**Exercise goal**
The response must reproduce every record in full.

**Data**
----------

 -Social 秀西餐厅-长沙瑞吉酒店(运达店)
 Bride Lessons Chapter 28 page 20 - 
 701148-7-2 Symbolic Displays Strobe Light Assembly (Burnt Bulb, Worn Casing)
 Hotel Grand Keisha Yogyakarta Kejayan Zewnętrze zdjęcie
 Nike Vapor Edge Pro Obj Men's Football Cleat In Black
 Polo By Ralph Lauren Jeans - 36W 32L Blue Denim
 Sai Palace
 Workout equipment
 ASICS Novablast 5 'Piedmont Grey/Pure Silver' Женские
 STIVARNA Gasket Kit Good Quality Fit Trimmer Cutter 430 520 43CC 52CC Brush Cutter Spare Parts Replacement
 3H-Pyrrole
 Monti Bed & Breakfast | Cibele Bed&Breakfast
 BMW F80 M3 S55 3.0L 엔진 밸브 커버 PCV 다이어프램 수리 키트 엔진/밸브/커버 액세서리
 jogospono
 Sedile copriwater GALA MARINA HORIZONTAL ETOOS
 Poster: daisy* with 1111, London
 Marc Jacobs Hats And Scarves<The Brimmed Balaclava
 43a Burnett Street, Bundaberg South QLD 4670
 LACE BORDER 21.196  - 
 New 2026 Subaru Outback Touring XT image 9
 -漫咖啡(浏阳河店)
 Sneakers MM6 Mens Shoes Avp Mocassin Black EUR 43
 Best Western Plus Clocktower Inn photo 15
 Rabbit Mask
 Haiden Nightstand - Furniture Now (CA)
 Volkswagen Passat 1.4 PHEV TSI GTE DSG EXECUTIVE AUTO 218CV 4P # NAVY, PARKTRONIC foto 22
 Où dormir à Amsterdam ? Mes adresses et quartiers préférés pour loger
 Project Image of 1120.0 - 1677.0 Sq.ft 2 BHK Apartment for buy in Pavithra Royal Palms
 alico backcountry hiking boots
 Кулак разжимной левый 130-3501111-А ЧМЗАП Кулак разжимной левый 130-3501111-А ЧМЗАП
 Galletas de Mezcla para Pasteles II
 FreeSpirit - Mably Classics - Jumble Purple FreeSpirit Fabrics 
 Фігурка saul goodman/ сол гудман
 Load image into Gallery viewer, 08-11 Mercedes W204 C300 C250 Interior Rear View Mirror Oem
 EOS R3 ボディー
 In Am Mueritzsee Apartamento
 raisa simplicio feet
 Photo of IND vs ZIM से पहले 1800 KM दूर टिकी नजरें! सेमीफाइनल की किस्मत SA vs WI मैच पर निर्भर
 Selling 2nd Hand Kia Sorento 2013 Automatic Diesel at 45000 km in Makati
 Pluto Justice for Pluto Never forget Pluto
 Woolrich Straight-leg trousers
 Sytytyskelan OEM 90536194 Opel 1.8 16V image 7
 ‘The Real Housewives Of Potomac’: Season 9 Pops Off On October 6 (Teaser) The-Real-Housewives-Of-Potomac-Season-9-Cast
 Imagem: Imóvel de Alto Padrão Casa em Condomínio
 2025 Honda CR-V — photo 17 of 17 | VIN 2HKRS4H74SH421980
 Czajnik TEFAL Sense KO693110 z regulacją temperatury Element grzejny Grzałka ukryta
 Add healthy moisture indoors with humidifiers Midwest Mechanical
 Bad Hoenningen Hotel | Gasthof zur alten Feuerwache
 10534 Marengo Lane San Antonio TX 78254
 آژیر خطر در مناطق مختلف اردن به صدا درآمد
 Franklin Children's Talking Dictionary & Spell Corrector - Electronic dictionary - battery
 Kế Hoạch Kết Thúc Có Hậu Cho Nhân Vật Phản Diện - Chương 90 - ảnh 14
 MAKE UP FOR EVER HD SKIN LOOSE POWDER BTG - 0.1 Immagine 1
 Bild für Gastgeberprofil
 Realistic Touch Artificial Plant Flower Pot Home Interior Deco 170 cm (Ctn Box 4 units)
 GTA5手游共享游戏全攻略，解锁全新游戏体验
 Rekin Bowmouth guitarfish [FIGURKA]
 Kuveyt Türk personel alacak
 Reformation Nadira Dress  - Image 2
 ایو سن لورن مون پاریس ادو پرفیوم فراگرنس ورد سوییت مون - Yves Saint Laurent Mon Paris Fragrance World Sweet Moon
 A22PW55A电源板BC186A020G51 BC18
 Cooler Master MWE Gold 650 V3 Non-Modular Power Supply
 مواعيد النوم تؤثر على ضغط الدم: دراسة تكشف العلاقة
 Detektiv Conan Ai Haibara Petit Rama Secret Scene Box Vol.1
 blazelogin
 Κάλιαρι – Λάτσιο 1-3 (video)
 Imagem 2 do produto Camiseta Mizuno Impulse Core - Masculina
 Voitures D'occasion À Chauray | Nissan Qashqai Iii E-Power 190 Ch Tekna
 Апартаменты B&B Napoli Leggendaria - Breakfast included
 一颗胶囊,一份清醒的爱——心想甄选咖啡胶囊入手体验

----------

**Output**
 -Social 秀西餐厅-长沙瑞吉酒店(运达店)
 Bride Lessons Chapter 28 page 20 - 
 701148-7-2 Symbolic Displays Strobe Light Assembly (Burnt Bulb, Worn Casing)
 Hotel Grand Keisha Yogyakarta Kejayan Zewnętrze zdjęcie
 Nike Vapor Edge Pro Obj Men's Football Cleat In Black
 Polo By Ralph Lauren Jeans - 36W 32L Blue Denim
 Sai Palace
 Workout equipment
 ASICS Novablast 5 'Piedmont Grey/Pure Silver' Женские
 STIVARNA Gasket Kit Good Quality Fit Trimmer Cutter 430 520 43CC 52CC Brush Cutter Spare Parts Replacement
 3H-Pyrrole
 Monti Bed & Breakfast | Cibele Bed&Breakfast
 BMW F80 M3 S55 3.0L 엔진 밸브 커버 PCV 다이어프램 수리 키트 엔진/밸브/커버 액세서리
 jogospono
 Sedile copriwater GALA MARINA HORIZONTAL ETOOS
 Poster: daisy* with 1111, London
 Marc Jacobs Hats And Scarves<The Brimmed Balaclava
 43a Burnett Street, Bundaberg South QLD 4670
 LACE BORDER 21.196  - 
 New 2026 Subaru Outback Touring XT image 9
 -漫咖啡(浏阳河店)
 Sneakers MM6 Mens Shoes Avp Mocassin Black EUR 43
 Best Western Plus Clocktower Inn photo 15
 Rabbit Mask
 Haiden Nightstand - Furniture Now (CA)
 Volkswagen Passat 1.4 PHEV TSI GTE DSG EXECUTIVE AUTO 218CV 4P # NAVY, PARKTRONIC foto 22
 Où dormir à Amsterdam ? Mes adresses et quartiers préférés pour loger
 Project Image of 1120.0 - 1677.0 Sq.ft 2 BHK Apartment for buy in Pavithra Royal Palms
 alico backcountry hiking boots
 Кулак разжимной левый 130-3501111-А ЧМЗАП Кулак разжимной левый 130-3501111-А ЧМЗАП
 Galletas de Mezcla para Pasteles II
 FreeSpirit - Mably Classics - Jumble Purple FreeSpirit Fabrics 
 Фігурка saul goodman/ сол гудман
 Load image into Gallery viewer, 08-11 Mercedes W204 C300 C250 Interior Rear View Mirror Oem
 EOS R3 ボディー
 In Am Mueritzsee Apartamento
 raisa simplicio feet
 Photo of IND vs ZIM से पहले 1800 KM दूर टिकी नजरें! सेमीफाइनल की किस्मत SA vs WI मैच पर निर्भर
 Selling 2nd Hand Kia Sorento 2013 Automatic Diesel at 45000 km in Makati
 Pluto Justice for Pluto Never forget Pluto
 Woolrich Straight-leg trousers
 Sytytyskelan OEM 90536194 Opel 1.8 16V image 7
 ‘The Real Housewives Of Potomac’: Season 9 Pops Off On October 6 (Teaser) The-Real-Housewives-Of-Potomac-Season-9-Cast
 Imagem: Imóvel de Alto Padrão Casa em Condomínio
 2025 Honda CR-V — photo 17 of 17 | VIN 2HKRS4H74SH421980
 Czajnik TEFAL Sense KO693110 z regulacją temperatury Element grzejny Grzałka ukryta
 Add healthy moisture indoors with humidifiers Midwest Mechanical
 Bad Hoenningen Hotel | Gasthof zur alten Feuerwache
 10534 Marengo Lane San Antonio TX 78254
 آژیر خطر در مناطق مختلف اردن به صدا درآمد
 Franklin Children's Talking Dictionary & Spell Corrector - Electronic dictionary - battery
 Kế Hoạch Kết Thúc Có Hậu Cho Nhân Vật Phản Diện - Chương 90 - ảnh 14
 MAKE UP FOR EVER HD SKIN LOOSE POWDER BTG - 0.1 Immagine 1
 Bild für Gastgeberprofil
 Realistic Touch Artificial Plant Flower Pot Home Interior Deco 170 cm (Ctn Box 4 units)
 GTA5手游共享游戏全攻略，解锁全新游戏体验
 Rekin Bowmouth guitarfish [FIGURKA]
 Kuveyt Türk personel alacak
 Reformation Nadira Dress  - Image 2
 ایو سن لورن مون پاریس ادو پرفیوم فراگرنس ورد سوییت مون - Yves Saint Laurent Mon Paris Fragrance World Sweet Moon
 A22PW55A电源板BC186A020G51 BC18
 Cooler Master MWE Gold 650 V3 Non-Modular Power Supply
 مواعيد النوم تؤثر على ضغط الدم: دراسة تكشف العلاقة
 Detektiv Conan Ai Haibara Petit Rama Secret Scene Box Vol.1
 blazelogin
 Κάλιαρι – Λάτσιο 1-3 (video)
 Imagem 2 do produto Camiseta Mizuno Impulse Core - Masculina
 Voitures D'occasion À Chauray | Nissan Qashqai Iii E-Power 190 Ch Tekna
 Апартаменты B&B Napoli Leggendaria - Breakfast included
 一颗胶囊,一份清醒的爱——心想甄选咖啡胶囊入手体验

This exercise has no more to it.